[Opening Information supplied section]
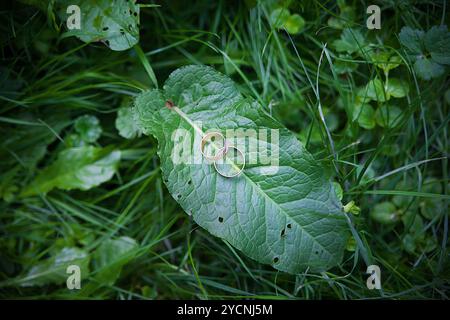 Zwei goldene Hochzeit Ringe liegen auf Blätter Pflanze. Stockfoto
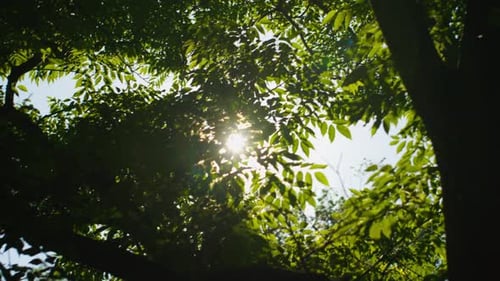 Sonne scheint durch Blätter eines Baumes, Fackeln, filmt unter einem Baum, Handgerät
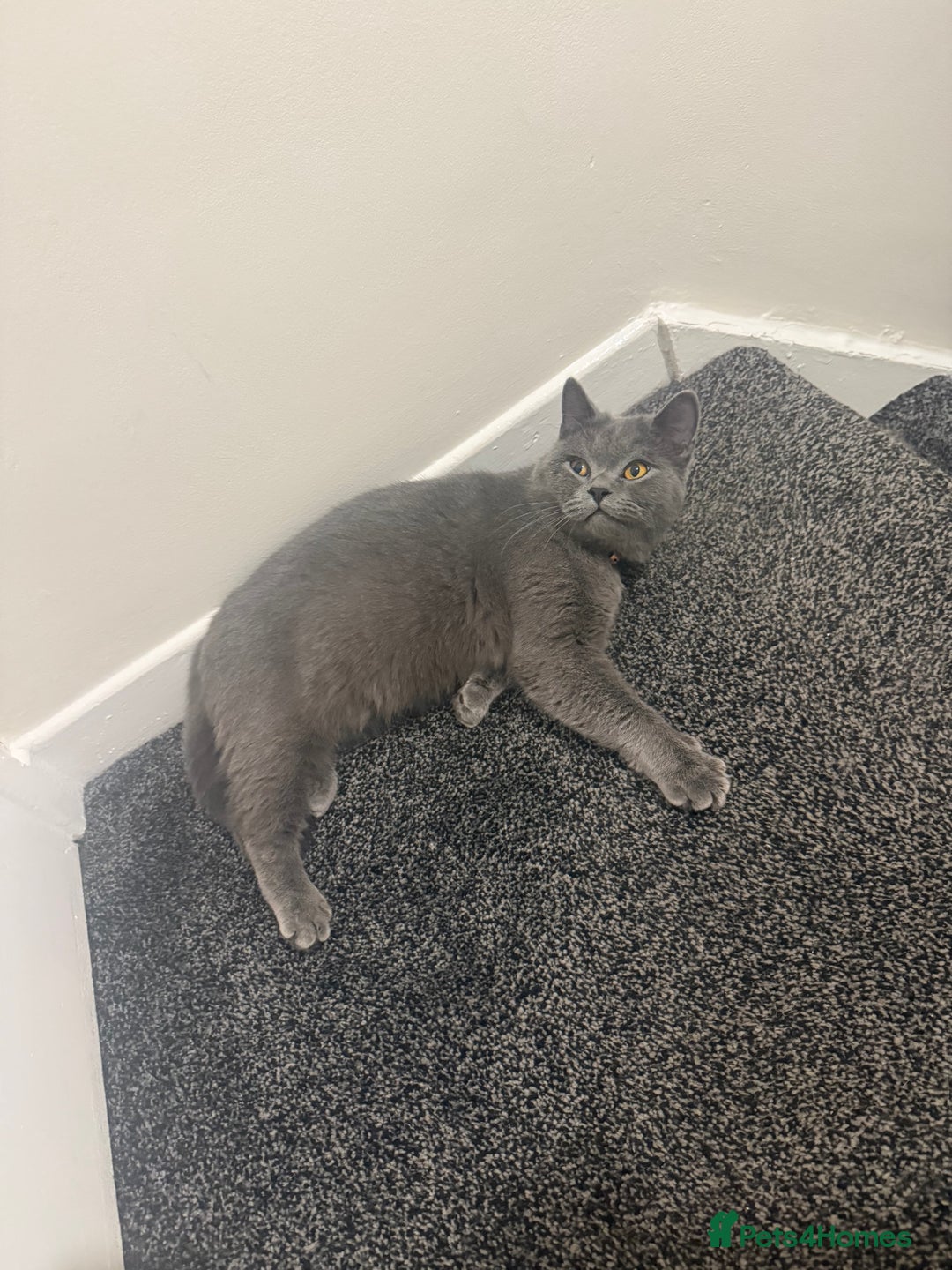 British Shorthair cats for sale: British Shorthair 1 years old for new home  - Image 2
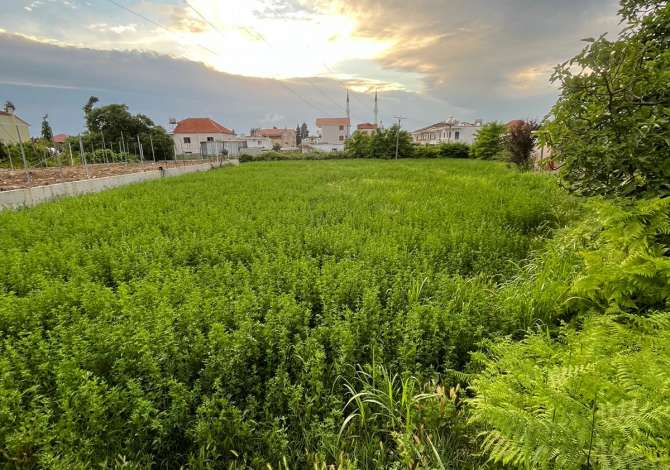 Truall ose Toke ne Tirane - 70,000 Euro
[Closing Information supplied section]
- _Task goal_
Write out the whole listing exactly as it appears, and omit the pictures.

- _Reply to the task_
 Zwei goldene Hochzeit Ringe liegen auf Blätter Pflanze. Stockfoto
 Sonne scheint durch Blätter eines Baumes, Fackeln, filmt unter einem Baum, Handgerät
 British Shorthair cats for sale: British Shorthair 1 years old for new home  - Image 2
 Truall ose Toke ne Tirane - 70,000 Euro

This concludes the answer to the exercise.